The strong operator topology on a Banach space $X$ is usually defined via semi-norms:
For any $x \in X$, $|\cdot|_x: B(X) \to \mathbb R, A \mapsto \|A(x)\|$ is a semi-norm, the strong topology is the weakest/coarsest topology which makes these maps continuous.
Alternatively it is generated by the sub-base $\left\{B_\epsilon(A;x)=\{B\in X \mid |B-A|_x<\epsilon\}\phantom{\sum}\right\}$.
If we define this topology on a separable Hilbert space $\mathcal H$ and restrict it to the subset of unitary operators, a statement in a book I am reading is that this is then a metrisable topology.
My question is then, how can I prove this (especially, why do we need separability)? What does the metric look like (is it constructable)?
When can this result be extended to other bounded subsets of $B(\mathcal H)$?
I figured I might write up an answer. Let us consider a bounded subset $U\subset B(\mathcal H)$ where $\mathcal H$ is a seperable Hilbert space. The comment by @AliBagheri gives metric
$$d(A,B):=\sum_{n\in \mathbb N}2^{-n}\,\|(A-B) e_n\|$$
Where $\{e_n\}_{n \in \mathbb N}$ is a Hilbert basis of $\mathcal H$. The existence of a countable basis follows from separability, but boundedness is not necessary for this to be a metric. The content that follows is a proof that this metric generates the same topology as the strong operator topology on $U$. Let $C$ be a bound of $U$.

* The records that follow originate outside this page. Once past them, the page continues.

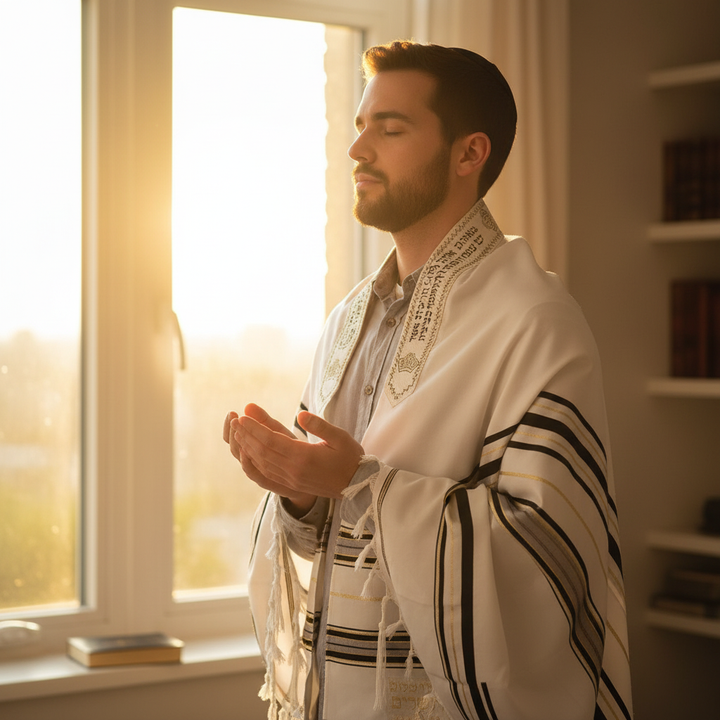 Black Wool Prayer Shawl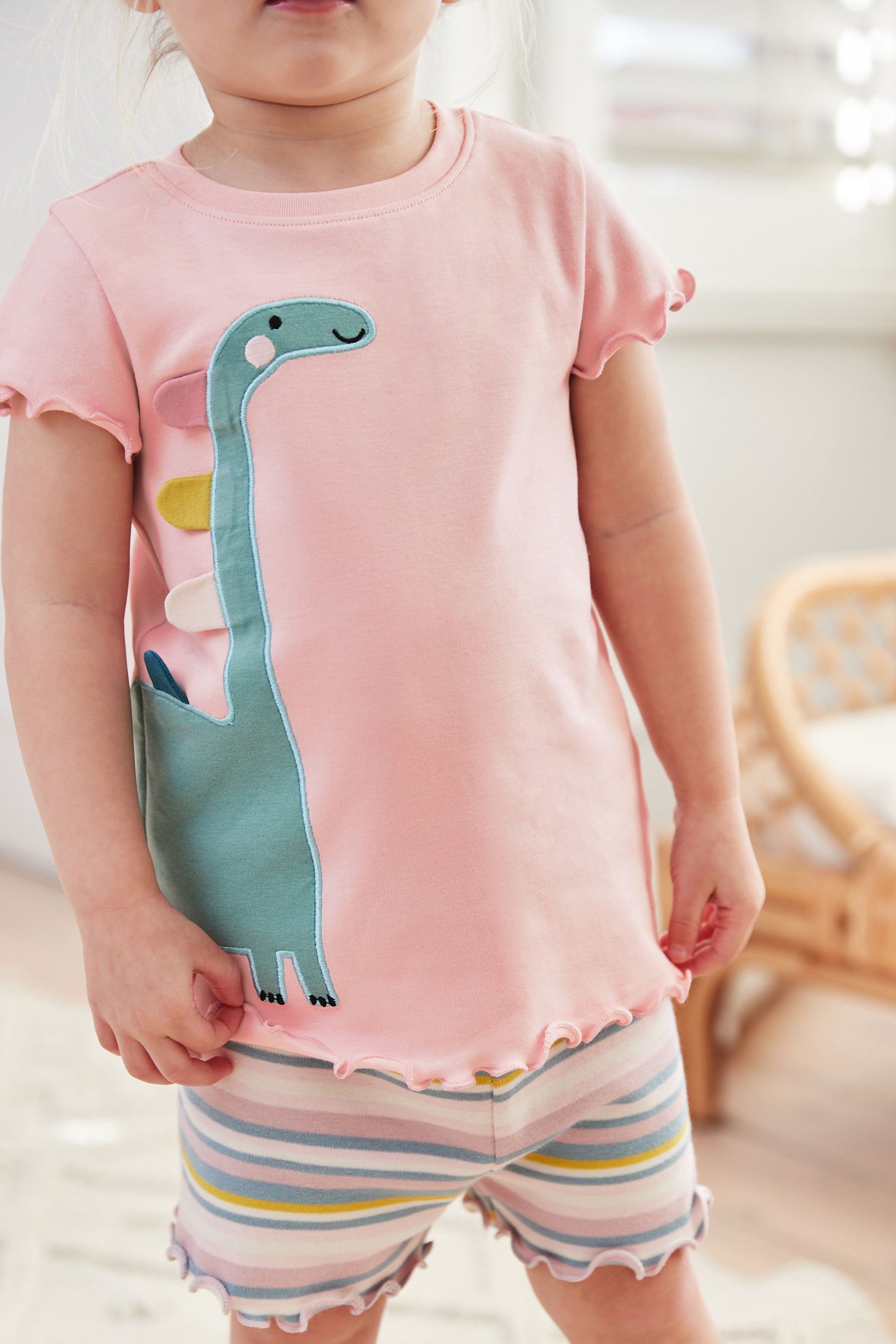 Pink/ Blue Dinosaur 3 Pack Short Pyjamas (9mths-12yrs)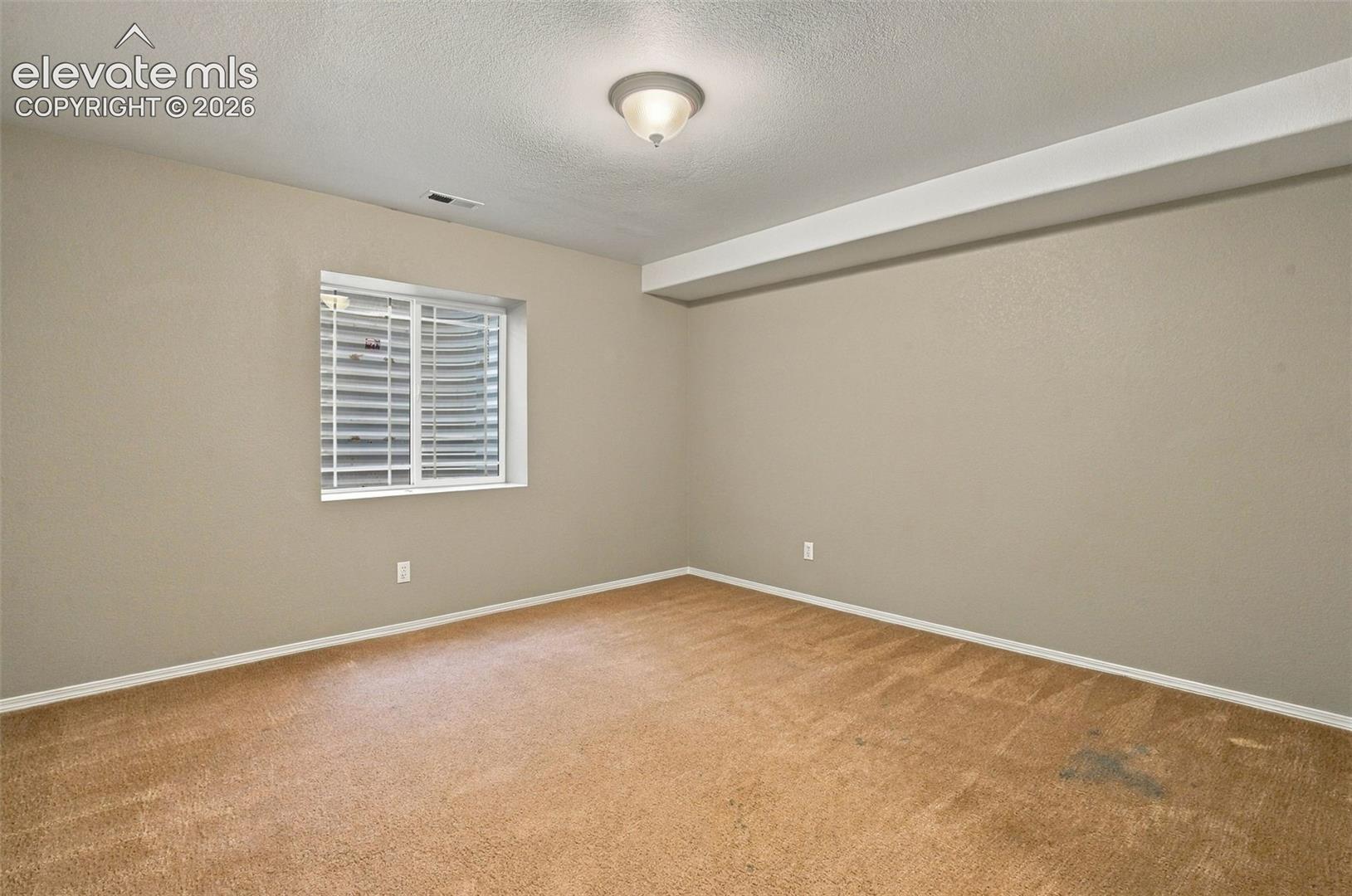 Carpeted room with a single window featuring horizontal blinds and a flush-mount ceiling light fixture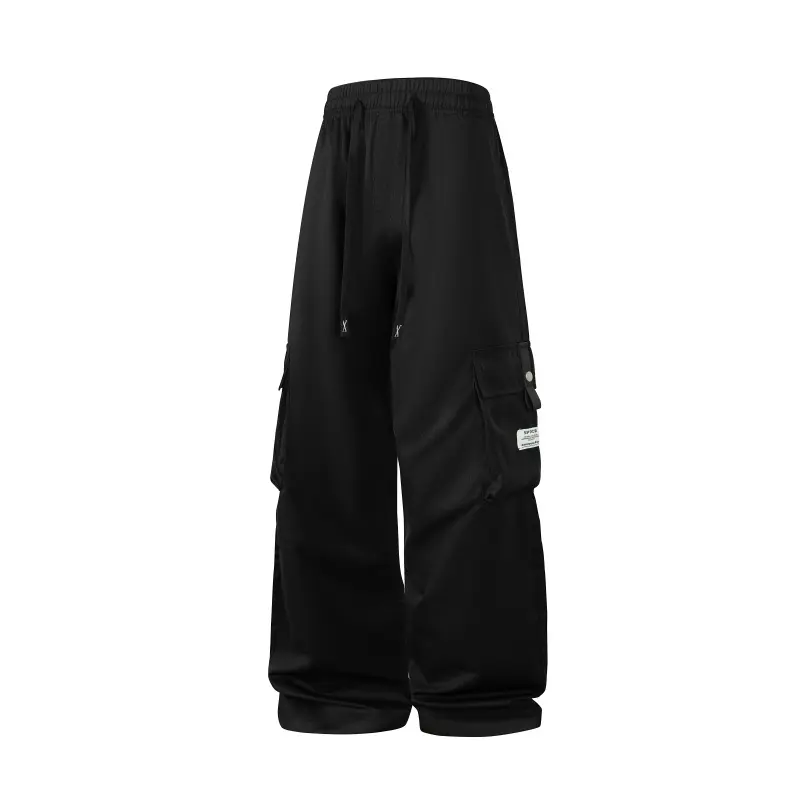 Men's Cargo Work Pants - Menswear, Heavy Duty Durable Fabric, Multiple Side Snap-Button Pockets, Straight Cut, Western Style, Black for Fashion Enthusiasts & Daily Errands, Casual Fashion Pants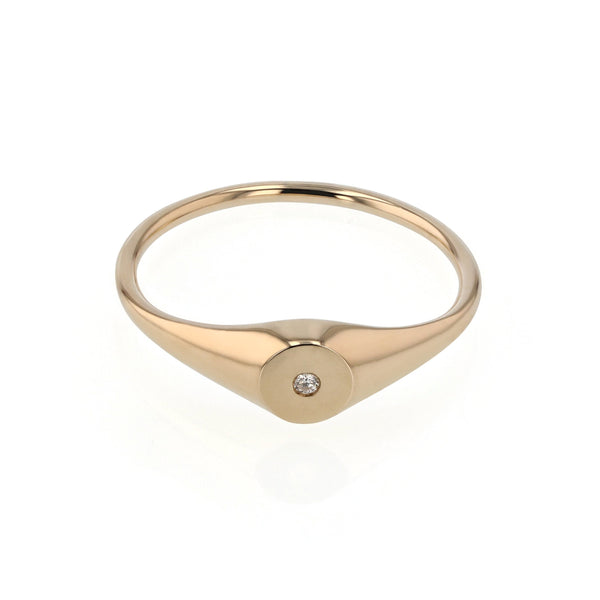 Petite Round Diamond Signet Gold | Sarah & Sebastian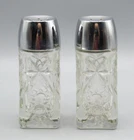 Vintage Anchor Hocking Glass Star of David Prescut Salt & Pepper Shaker Set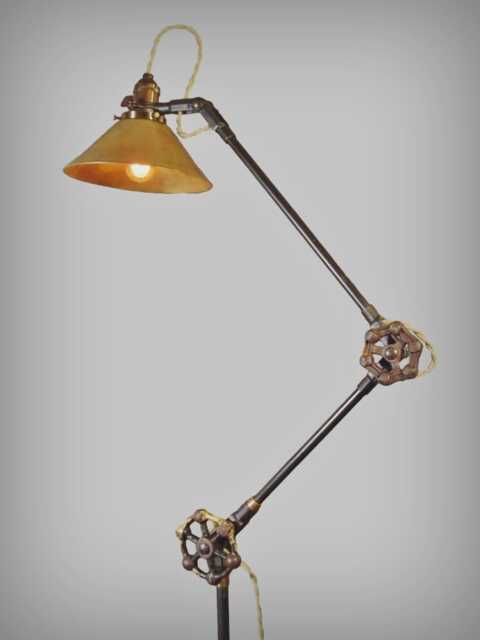 Vintage Industrial Floor Lamp - Machine Age Task Light Cast Iron Steampunk Copper Shade 1940S Retro Medical Lighting - image 1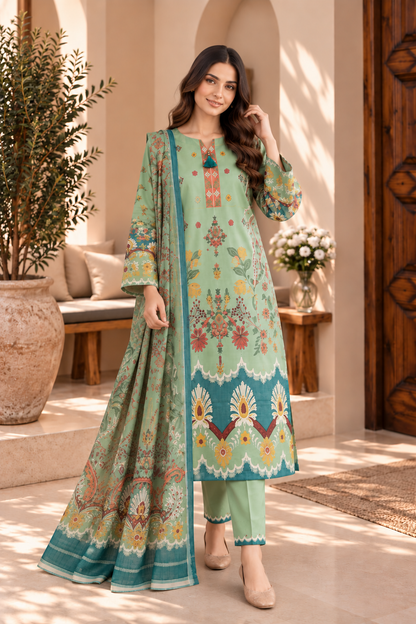 Mint Green Printed 3 Piece Lawn Suit with Floral Dupatta – Women’s Unstitched Suit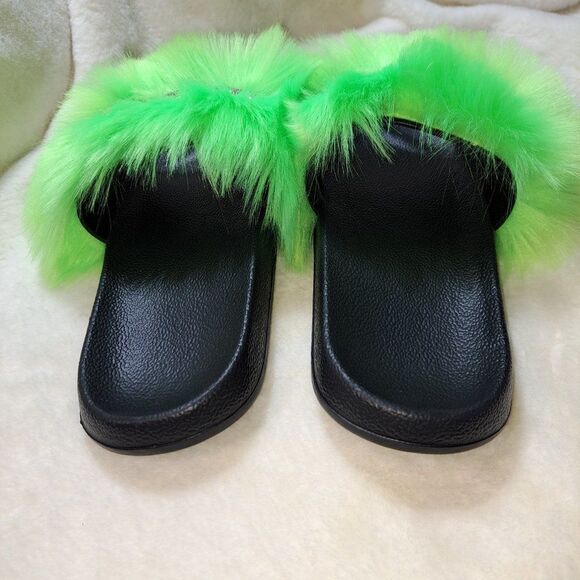 NWOT Faux Fur Neon Slides - Picture 6 of 8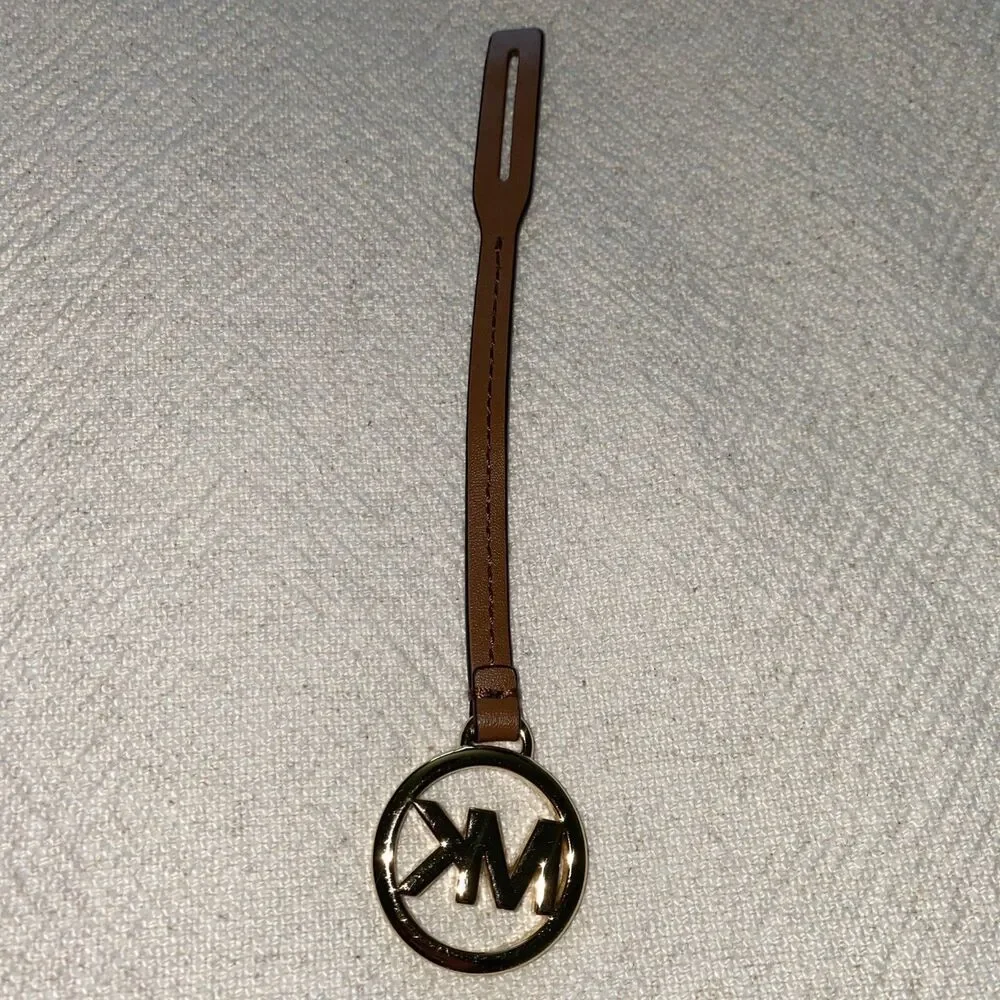 Michael Kors Leather & Gold Metal Bag Charm / Purse Hang Tag – NWOT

To see that the strong operator topology is finer than the metric topology, consider a metric ball $B_\epsilon(A)$. Eventually for some $N$, the series $\sum_{n=N}^\infty 2^{-n+1}\, C$ will be smaller than $\frac12 \epsilon$. If you consider an element of the finite intersection
$$B \in V:= \bigcap_{n=1}^N B_{\epsilon/2}(A;e_n)$$
Then from $\|(A-B)e_n\|≤2C$:
$$d(A,B)=\sum_{n=1}^\infty 2^{-n}\| (A-B) e_n\| ≤\sum_{n=1}^N 2^{-n} \frac\epsilon2+\sum_{n=N+1}^\infty 2^{-n}\, 2C <\epsilon$$
You get $V \subset B_\epsilon(A)$, $V$ is open in the strong operator topology and $A \in V$. So any neighbourhood of $A$ in the metric topology contains a neighbourhood of $A$ in the strong operator topology, and the strong topology is finer than the metric topology.
To get the other direction we need first that for a dense subset $\{x_n\}_n$ of $\mathcal H$, the sets $B_{\epsilon}(A;x_n)$ also generate the strong operator topology.
Obviously the strong operator topology is finer than this topology, on the other hand for $x \in \mathcal H$, there exists a $x_n$ in the dense subset so that $\|x_n-x\|<\frac{\epsilon}{4\,C}$. Then
$$|A-B|_{x} =\|(A-B)(x-x_n+x_n)\|≤\|A-B\|\,\|x-x_n\|+|A-B|_{x_n}<\frac{\epsilon}2+|A-B|_{x_n}$$
So $B_{\epsilon/2}(A;x_n)\subset B_\epsilon(A;x)$. This implies that the topology generated by $B_{\epsilon}(A;x_n)$ is finer than the strong operator topology, so they are equal.
The space of finite linear combinations of $e_n$ is a dense subset of $\mathcal H$. If $x=\sum_n^N a_n e_n$ then:
$$\left\|(A-B)\sum_{n=1}^N a_n e_n \right\|≤\sum_{n=1}^N |a_n|\, \|(A-B)e_n\|≤2^N\,\max_n\{|a_n|\}\sum_{n=1}^\infty 2^{-n}\, \|(A-B)e_n\|$$
(Finite linear combinations are needed, otherwise the sum in the middle does not have to converge). So $$d(A,B)<\frac\epsilon{2^N\,\max_n\{|x_n|\}}=:\delta$$ implies $B \in B_\epsilon(A;x)$. Since these $B_\epsilon(A;x)$ are a neighbourhood subbase of the strong operator topology, this implies that the metric topology is finer than the strong operator topology.